• _The data_
# # #
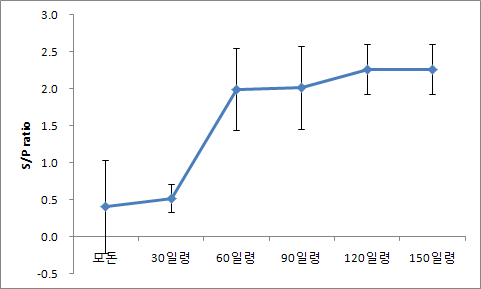 경북 A 야외 농장에서의 ELISA항체 결과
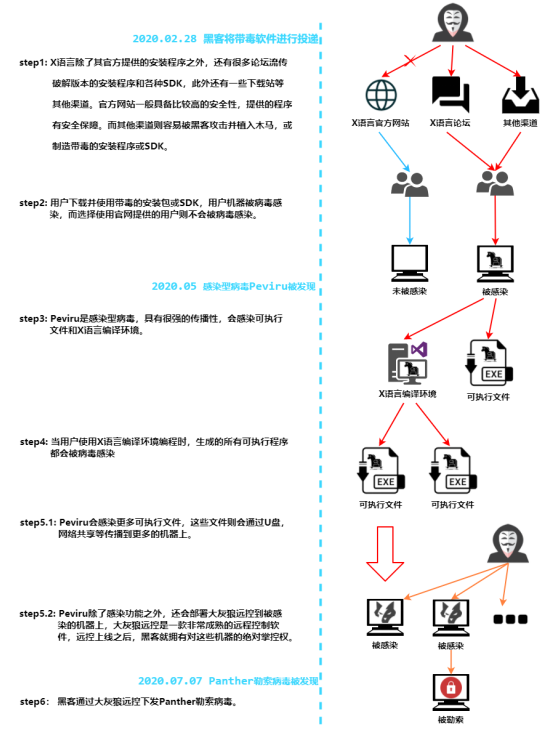 360安全卫士如何开启横向渗透防护提醒，360安全卫士主动防护如何开启（细数2020上半年PC端十大“黑恶势力”）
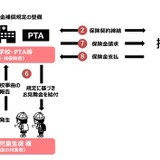 不登校の復学支援「見舞金補償保険」損保ジャパンが販売 画像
# # #
• _Your task_
Omitting all pictures, give the preceding listing again exactly.

• _Answer section_
 경북 A 야외 농장에서의 ELISA항체 결과
 360安全卫士如何开启横向渗透防护提醒，360安全卫士主动防护如何开启（细数2020上半年PC端十大“黑恶势力”）
 不登校の復学支援「見舞金補償保険」損保ジャパンが販売 画像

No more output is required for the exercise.